The majority found the dissent’s reasoning unpersuasive, invoking the principle that changed language typically indicates changed meaning. The 1980 amendment, in the majority’s view, shifted Section 47(b)’s focus to regulating a court’s remedial authority, and Congress’s decision to amend that provision while leaving Section 215 of the Investment Advisers Act intact confirmed that the two provisions no longer carried the same meaning.

The decision’s significance extends well beyond the control-share provisions at issue in FS Credit. Activist campaigns against closed-end funds frequently seek to force liquidity events, tender offers, open-end conversions, board turnover, and other structural changes. Although pursued by a relatively small group of specialized investors, these campaigns have become a recurring feature of the closed-end fund landscape. Academic research has found that activist investors frequently target discounted closed-end funds in an effort to force open-ending transactions and other liquidity events, and that a fund’s governance structure can significantly affect its vulnerability to such campaigns.[2]

Saba has been among the most active proponents of these campaigns. As one recent court observed, Saba focuses on discounted closed-end funds and has pursued activist strategies that include accumulating significant ownership positions, nominating directors, advocating changes to fund management, and challenging defensive measures adopted by fund boards.[3]  Saba also enjoyed notable success using Section 47(b) to challenge fund governance measures, most prominently in Saba Capital CEF Opportunities 1, Ltd. v. Nuveen Floating Rate Income Fund, where the Second Circuit held that certain control-share provisions violated the ICA and ordered rescission.[4]

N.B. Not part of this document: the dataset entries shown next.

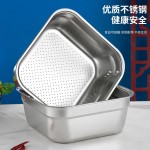 加厚不锈钢方盆沥水盆家用洗菜盆淘米盆水果盆无磁厨房沥水篮漏盆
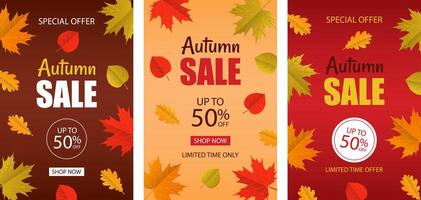Set of posters, banners of autumn sale. illustration with autumn leaves. Templates for advertising, web, social networks vector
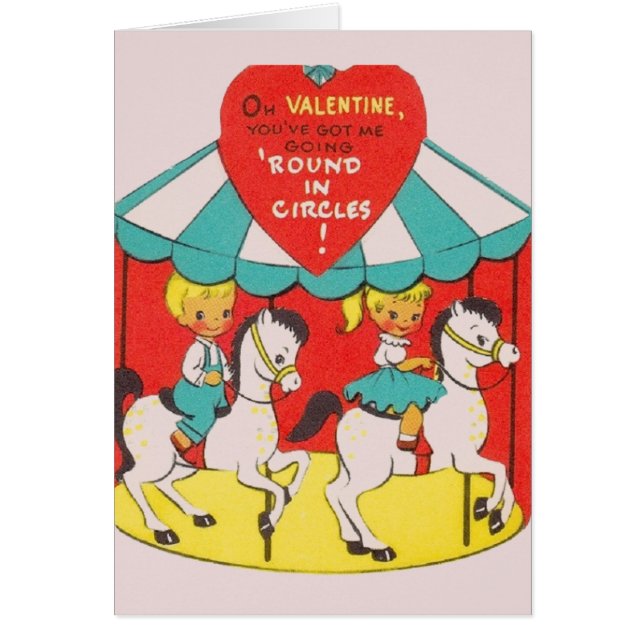Tarjeta de saludo Retro Carousel El día de San Val (Frente)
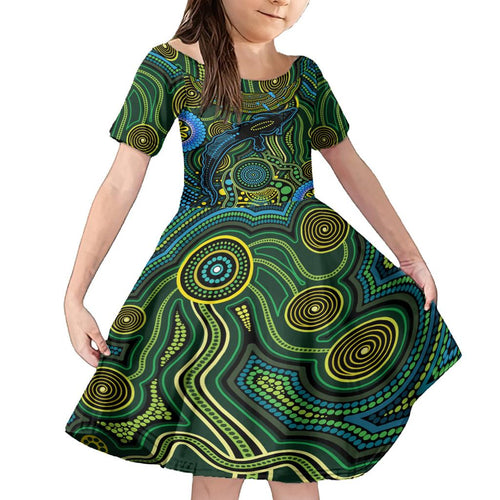 Aboriginal Green - Crocodine Abstract Art Pattern Family Matching Tank Maxi Dress and Hawaiian Shirt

By rejecting Saba’s theory, the Court foreclosed what could have become a broad mechanism for transforming alleged ICA violations into private rescission actions under Section 47(b), with implications well beyond the parties to the dispute. As a result:

  • Closed-end funds face materially reduced litigation risk under Section 47(b).
  • Boards considering control-share statutes and similar governance protections gain greater certainty that those measures cannot be unwound through investor-initiated rescission suits under the ICA.
  • Activist investors will need to rely on other theories—including express ICA causes of action, state-law claims, or SEC involvement—rather than Section 47(b) itself.
  • The SEC, rather than private litigants, remains the primary enforcer of the ICA’s substantive provisions.

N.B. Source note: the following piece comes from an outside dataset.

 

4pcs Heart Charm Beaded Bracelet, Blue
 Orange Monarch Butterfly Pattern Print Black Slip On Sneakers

In short, the decision removes a significant source of leverage from the activist toolkit.  

The decision does not eliminate private enforcement under the ICA. The statute’s express causes of action remain intact, and activist investors will undoubtedly continue to challenge fund governance measures through other avenues. But FS Credit significantly narrows the available playbook. The immediate beneficiaries are closed-end funds and their boards, particularly those that have adopted—or are considering adopting—control-share provisions and other anti-activist measures. More broadly, the decision continues the Supreme Court’s long-running trend of limiting implied rights of action and insisting that Congress, not the courts, decides who may enforce federal statutes.  

For activist investors, the path forward remains open—but a significant avenue for challenging closed-end fund governance measures is now off the table.[5]

[1] See, e.g., Eni Holdings, LLC v. KBR Grp. Holdings, LLC, 2013 WL 6186326, at *24 (Del. Ch. Nov. 27, 2013) (“Rescission is not a cause of action but a remedy available only where facts indicate equity so requires.”); Deutsche Bank Nat’l Tr. Co. v. Goldfeder, 2014 WL 7692441, at *1 (Del. Super. Ct. Dec. 9, 2014)(“[R]escission is itself a remedy, not a cause of action.”).
[2] Michael Bradley et al., Activist Arbitrage: A Study of Open-Ending Attempts of Closed-End Funds, 95 J. Fin. Econ. 1 (2010).
[3] Saba Cap. Master Fund, Ltd. v. ASA Gold & Precious Metals, LTD., 2025 WL 951049 (S.D.N.Y. Mar. 28, 2025).
[4] 88 F.4th 103 (2d Cir. 2023).
[5] The views expressed in this article are those of the authors and do not necessarily reflect the views of Elsberg Baker & Maruri PLLC or its clients. This article is for general informational purposes only and does not constitute legal advice.